On Fri, Aug 15, 2025 at 03:52:12PM +0200, Peter Zijlstra wrote:
> On Fri, Aug 15, 2025 at 03:40:17PM +0200, Peter Zijlstra wrote:
> > On Wed, Aug 06, 2025 at 10:01:20AM +0200, Nam Cao wrote:
> >
> > > +/*
> > > + * The two trace points below may not work as expected for fair tasks due
> > > + * to delayed dequeue. See:
> > > + * https://lore.kernel.org/lkml/179674c6-f82a-4718-ace2-67b5e672fdee@xxxxxxx/
> > > + */
> >
> > > +DECLARE_TRACE(dequeue_task,
> > > + TP_PROTO(int cpu, struct task_struct *task),
> > > + TP_ARGS(cpu, task));
> > > +
> >
> > > @@ -2119,7 +2121,11 @@ inline bool dequeue_task(struct rq *rq, struct task_struct *p, int flags)
> > > * and mark the task ->sched_delayed.
> > > */
> > > uclamp_rq_dec(rq, p);
> > > - return p->sched_class->dequeue_task(rq, p, flags);
> > > + if (p->sched_class->dequeue_task(rq, p, flags)) {
> > > + trace_dequeue_task_tp(rq->cpu, p);
> > > + return true;
> > > + }
> > > + return false;
> > > }
> >
> > Hurmpff.. that's not very nice.
> >
> > How about something like:
> >
> > dequeue_task():
> > ...
> > ret = p->sched_class->dequeue_task(rq, p, flags);
> > if (trace_dequeue_task_p_enabled() && !(flags & DEQUEUE_SLEEP))
> > __trace_dequeue_task_tp(rq->cpu, p);
> > return ret;
> >
> >
> > __block_task():
> > trace_dequeue_task_tp(rq->cpu, p);
> > ...
> >
> >
> > Specifically, only DEQUEUE_SLEEP is allowed to fail, and DEQUEUE_SLEEP
> > will eventually cause __block_task() to be called, either directly, or
> > delayed.
>
> If you extend the tracepoint with the sleep state, you can probably
> remove the nr_running tracepoints. Esp. once we get this new throttle
> stuff sorted.

Sorry, I'm a bit out of depth here. Can you elaborate?

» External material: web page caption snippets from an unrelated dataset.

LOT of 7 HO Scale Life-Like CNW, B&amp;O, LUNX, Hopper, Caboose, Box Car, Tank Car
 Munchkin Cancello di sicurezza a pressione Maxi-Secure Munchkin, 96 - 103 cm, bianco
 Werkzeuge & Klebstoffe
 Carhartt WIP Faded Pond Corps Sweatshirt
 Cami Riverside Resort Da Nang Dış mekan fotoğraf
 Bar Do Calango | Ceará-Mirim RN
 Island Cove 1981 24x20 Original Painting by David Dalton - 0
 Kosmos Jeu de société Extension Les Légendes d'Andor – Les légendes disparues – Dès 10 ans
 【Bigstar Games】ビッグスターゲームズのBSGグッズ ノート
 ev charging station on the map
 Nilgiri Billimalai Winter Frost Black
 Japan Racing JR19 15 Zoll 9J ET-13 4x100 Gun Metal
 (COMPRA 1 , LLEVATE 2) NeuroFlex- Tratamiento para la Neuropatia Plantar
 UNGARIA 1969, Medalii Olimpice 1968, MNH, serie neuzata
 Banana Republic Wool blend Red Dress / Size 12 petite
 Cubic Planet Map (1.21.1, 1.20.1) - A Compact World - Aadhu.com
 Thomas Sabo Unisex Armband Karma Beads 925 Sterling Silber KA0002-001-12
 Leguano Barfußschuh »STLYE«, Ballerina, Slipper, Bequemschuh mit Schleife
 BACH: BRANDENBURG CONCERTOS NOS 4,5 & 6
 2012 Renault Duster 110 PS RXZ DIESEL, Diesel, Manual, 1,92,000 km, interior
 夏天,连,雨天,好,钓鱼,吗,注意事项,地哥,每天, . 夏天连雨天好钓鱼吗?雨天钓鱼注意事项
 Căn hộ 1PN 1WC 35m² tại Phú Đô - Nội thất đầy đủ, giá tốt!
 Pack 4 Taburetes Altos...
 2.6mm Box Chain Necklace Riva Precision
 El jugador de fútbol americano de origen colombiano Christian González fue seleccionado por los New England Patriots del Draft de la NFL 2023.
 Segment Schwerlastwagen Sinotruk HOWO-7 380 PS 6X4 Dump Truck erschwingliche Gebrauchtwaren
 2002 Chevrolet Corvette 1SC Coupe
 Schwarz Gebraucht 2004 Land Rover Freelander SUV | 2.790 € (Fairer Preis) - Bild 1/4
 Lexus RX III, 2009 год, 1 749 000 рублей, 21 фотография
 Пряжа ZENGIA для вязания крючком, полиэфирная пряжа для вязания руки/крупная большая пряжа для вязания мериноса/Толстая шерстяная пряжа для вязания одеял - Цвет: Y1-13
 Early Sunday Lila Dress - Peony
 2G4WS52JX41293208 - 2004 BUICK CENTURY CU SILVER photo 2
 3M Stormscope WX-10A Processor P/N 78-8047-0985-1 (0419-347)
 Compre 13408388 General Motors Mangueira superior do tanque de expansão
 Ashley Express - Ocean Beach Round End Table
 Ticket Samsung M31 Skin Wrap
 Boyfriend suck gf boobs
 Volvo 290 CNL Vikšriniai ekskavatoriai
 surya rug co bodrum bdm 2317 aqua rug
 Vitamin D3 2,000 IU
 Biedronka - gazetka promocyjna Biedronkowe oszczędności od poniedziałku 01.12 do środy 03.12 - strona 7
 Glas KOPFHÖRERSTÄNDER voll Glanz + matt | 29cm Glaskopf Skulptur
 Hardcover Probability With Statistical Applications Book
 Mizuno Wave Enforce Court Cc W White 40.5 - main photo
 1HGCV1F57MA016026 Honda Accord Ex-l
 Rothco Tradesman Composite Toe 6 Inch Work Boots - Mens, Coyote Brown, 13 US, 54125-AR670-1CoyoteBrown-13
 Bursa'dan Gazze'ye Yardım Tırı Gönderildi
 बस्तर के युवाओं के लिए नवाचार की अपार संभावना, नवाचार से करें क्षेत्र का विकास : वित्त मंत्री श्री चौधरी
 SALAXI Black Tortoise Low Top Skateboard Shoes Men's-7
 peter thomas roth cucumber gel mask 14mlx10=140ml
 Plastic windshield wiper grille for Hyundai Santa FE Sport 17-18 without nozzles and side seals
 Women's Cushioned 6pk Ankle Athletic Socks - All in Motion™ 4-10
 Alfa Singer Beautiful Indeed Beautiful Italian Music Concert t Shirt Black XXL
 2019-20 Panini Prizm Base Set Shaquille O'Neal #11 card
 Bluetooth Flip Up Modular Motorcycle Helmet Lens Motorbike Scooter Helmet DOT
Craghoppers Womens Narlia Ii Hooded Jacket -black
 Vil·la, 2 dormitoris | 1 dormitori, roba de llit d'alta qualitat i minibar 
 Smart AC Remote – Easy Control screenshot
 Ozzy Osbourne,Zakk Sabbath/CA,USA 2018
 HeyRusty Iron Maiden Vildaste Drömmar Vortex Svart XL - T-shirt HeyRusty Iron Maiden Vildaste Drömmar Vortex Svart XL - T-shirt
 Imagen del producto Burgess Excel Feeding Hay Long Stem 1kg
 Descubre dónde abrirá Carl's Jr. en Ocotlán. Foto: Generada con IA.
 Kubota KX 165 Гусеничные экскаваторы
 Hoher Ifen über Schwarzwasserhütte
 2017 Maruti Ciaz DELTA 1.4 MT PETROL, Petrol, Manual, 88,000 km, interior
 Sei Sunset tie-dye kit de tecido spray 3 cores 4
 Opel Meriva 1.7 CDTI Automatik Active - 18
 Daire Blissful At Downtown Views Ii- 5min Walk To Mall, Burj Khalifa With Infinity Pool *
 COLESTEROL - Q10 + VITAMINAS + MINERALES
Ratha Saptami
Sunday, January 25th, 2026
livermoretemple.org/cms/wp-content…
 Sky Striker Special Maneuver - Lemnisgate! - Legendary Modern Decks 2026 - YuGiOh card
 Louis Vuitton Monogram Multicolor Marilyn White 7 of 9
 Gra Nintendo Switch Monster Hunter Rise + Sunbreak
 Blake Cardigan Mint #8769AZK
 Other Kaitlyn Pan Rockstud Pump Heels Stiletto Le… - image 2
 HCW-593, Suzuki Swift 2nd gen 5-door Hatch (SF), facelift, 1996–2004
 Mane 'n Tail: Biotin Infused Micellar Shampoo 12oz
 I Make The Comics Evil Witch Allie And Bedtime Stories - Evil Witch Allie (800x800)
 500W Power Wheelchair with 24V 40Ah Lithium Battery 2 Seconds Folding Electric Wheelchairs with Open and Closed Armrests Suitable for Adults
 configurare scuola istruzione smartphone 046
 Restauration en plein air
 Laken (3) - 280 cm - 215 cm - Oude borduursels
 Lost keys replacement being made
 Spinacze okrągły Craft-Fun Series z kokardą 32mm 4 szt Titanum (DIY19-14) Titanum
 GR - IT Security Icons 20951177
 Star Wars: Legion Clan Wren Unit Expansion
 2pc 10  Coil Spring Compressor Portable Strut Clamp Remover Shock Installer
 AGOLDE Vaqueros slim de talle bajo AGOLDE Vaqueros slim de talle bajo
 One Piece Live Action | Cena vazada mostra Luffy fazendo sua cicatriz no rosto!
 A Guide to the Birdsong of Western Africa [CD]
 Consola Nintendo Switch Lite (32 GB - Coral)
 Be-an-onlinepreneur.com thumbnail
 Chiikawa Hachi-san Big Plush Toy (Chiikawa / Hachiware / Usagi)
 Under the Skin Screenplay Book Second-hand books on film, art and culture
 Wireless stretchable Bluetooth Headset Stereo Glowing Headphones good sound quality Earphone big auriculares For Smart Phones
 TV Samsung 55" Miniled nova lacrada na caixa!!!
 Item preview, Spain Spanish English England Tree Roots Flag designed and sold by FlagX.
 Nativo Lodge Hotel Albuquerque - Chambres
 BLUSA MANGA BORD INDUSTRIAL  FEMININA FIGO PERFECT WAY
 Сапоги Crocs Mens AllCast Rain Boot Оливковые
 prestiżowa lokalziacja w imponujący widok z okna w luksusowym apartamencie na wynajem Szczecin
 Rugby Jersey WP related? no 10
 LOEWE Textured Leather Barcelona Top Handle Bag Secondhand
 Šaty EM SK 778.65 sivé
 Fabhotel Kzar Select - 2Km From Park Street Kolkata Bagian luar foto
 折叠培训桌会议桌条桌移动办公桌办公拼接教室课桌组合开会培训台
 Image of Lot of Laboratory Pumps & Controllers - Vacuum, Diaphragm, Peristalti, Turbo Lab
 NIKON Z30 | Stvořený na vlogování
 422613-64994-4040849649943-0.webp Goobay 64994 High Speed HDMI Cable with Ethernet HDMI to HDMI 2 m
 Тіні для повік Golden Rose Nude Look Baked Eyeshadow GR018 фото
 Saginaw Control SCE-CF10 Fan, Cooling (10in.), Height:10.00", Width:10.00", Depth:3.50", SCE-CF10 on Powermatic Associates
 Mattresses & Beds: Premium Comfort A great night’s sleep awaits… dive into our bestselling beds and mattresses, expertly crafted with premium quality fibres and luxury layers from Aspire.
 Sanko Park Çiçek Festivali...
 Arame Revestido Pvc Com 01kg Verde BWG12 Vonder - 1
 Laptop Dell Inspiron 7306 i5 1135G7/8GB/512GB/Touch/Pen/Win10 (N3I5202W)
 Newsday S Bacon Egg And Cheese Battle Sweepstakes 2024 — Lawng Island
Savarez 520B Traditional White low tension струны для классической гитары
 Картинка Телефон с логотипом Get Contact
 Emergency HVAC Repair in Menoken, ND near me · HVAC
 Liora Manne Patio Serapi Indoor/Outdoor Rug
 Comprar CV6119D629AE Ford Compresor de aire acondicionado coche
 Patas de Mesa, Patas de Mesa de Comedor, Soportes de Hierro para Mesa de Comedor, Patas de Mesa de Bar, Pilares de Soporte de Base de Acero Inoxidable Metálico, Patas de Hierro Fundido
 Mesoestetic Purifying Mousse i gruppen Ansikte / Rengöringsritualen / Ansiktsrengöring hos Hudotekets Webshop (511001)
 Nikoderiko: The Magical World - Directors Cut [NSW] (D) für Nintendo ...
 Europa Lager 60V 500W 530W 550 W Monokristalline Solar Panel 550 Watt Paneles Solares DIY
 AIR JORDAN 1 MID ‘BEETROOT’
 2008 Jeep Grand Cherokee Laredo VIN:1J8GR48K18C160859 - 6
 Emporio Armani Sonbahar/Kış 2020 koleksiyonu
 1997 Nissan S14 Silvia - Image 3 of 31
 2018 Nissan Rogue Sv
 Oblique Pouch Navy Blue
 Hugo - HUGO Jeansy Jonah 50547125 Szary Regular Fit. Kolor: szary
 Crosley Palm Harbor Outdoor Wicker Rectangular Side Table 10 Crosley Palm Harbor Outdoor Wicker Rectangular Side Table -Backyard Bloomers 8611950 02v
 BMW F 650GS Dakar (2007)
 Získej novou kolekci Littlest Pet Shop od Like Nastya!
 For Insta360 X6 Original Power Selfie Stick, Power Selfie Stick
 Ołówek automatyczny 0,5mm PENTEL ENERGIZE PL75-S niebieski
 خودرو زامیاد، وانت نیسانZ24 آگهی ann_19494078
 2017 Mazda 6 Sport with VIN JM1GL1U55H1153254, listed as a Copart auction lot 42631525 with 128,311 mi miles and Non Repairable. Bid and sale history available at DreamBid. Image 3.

By "sleep state" do you mean (flags & DEQUEUE_SLEEP)? The nr_running
tracepoints are not hit if the task is throttled, while these new
tracepoints are hit. How does the sleep state help with this difference?

Also +Cc Phil Auld <pauld@xxxxxxxxxx>, who seems to care about the
nr_running tracepoints.

Nam